L’existence du facteur social, au moins dans un grand nombre de faits affectifs, est plus délicate à constater.
Dans la façon dont je fus pris par la passion du jeu, l’influence importante exercée par la société saute aux yeux : si j’ai été amené à risquer mon argent, c’est que, des lecteurs de romans, il m’était resté l’impression que le jeu est un plaisir délicat, supérieur, réservé aux gens qui sortent du commun; c’est un jugement collectif et non un jugement personnel qui déterminait mon acte. L’influence de la collectivité est encore sensible dans la valorisation des angoisses du joueur et des frissons qui parcourent son corps : ces incertitudes, cette fièvre, ne sont pas agréables par nature; elles sont plutôt désagréables; l’agrément qu’elles nous causent résulte de l’éducation reçue de la société.
Il en est de même, du moins en partie, dans le cas de la tristesse causée par la mort de mon grand-père.

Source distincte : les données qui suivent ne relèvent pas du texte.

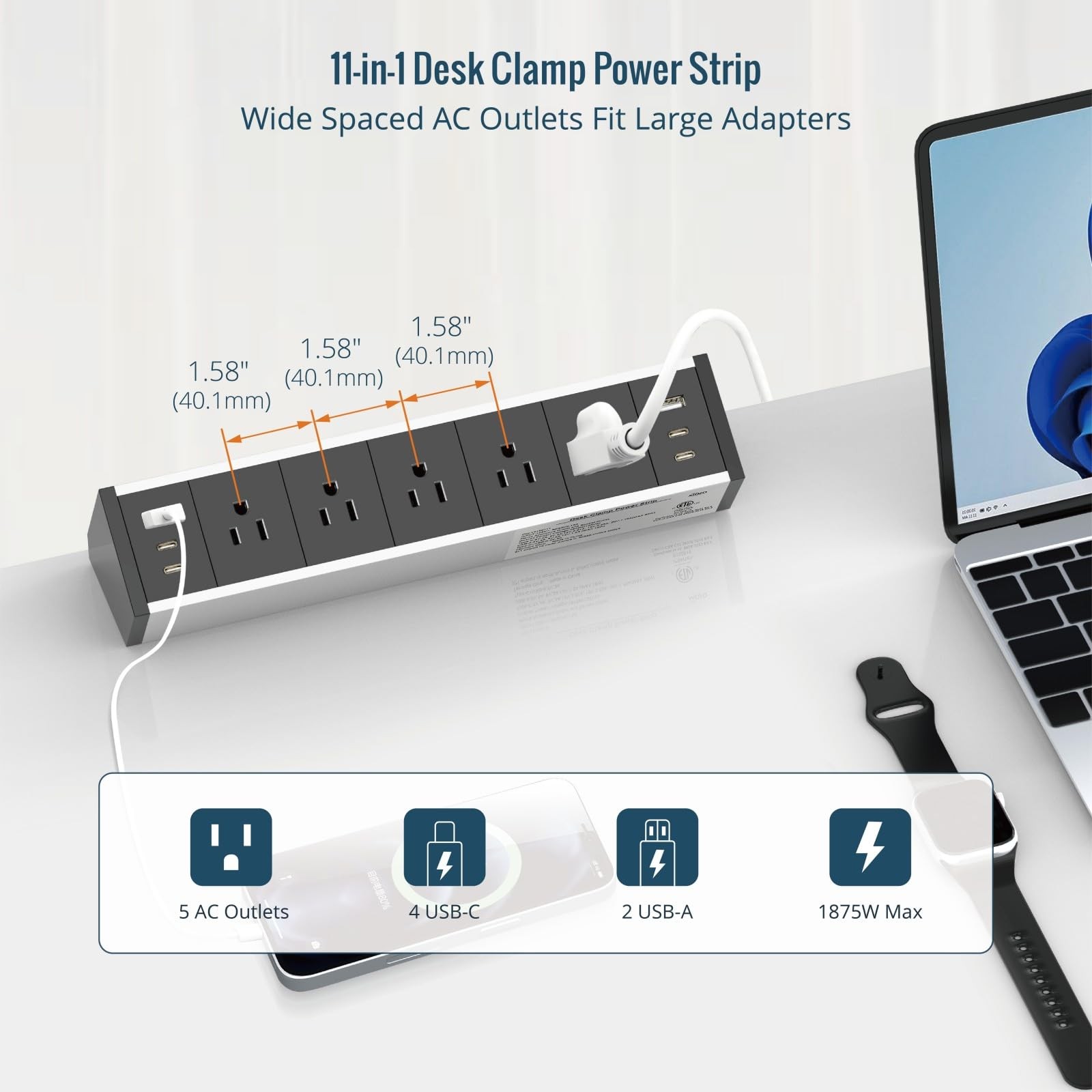 Tecmojo Desk Clamp Power Strip 5 Outlet 2 USB-A 4 USB-C 6ft Cord Fit 1.6″ Black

S’il y a, en effet, quelque chose de naturel et comme d’instinctif dans l’attachement de la mère pour son enfant, l’attachement des enfants à leurs parents et, à plus forte raison, à leurs grands-parents est une création de la société. Nous avons été imbus, dès notre enfance, de l’esprit de famille; on nous a répété qu’il fallait respecter les vieillards et qu’un grand-père n’est que bonté pour ses petits-enfants… : sans l’éducation reçue, mon grand-père m’eût été à peu près indifférent. De plus, cette tristesse ne m’était pas propre : elle était partagée par toute la famille et tous ses amis; bien plus, ceux qui, dans le long défilé qui accompagnait mon grand-père au cimetière, n’éprouvaient pour lui qu’indifférence devaient cependant, dans les relations qu’ils avaient avec nous à la suite de notre deuil, couvrir en quelque sorte leur visage et leurs paroles d’un léger voile de tristesse, s’ils ne voulaient pas paraître manquer de savoir-vivre. Comment ne pas être triste quand on ne voit que visages pleureurs? Il est bien rare que l’homme ait une tristesse solitaire. Pour moi, je crois n’avoir éprouvé que très rarement de sentiments strictement personnels : c’est l’écho des sentiments d’autrui qui renforce les miens, quand les miens ne sont pas un simple écho.

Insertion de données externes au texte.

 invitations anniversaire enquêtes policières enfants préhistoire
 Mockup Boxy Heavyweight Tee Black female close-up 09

Dans la peur, au contraire, il semble bien que nous ayons un état affectif assez imperméable à l’influence de la collectivité. C’est que la peur est une manifestation d’une tendance essentiellement personnelle, l’instinct de conservation. Et cependant, je dois bien le reconnaître, un primitif n’aurait pas éprouvé, dans la même circonstance, une peur identique à la mienne : ce sont les récits de nos voisins, c’est trop évident, qui ont alimenté mon imagination; mais combien ai-je inconsciemment emprunté aux romans que j’ai lus, aux films dont les images se sont fixées dans mon esprit?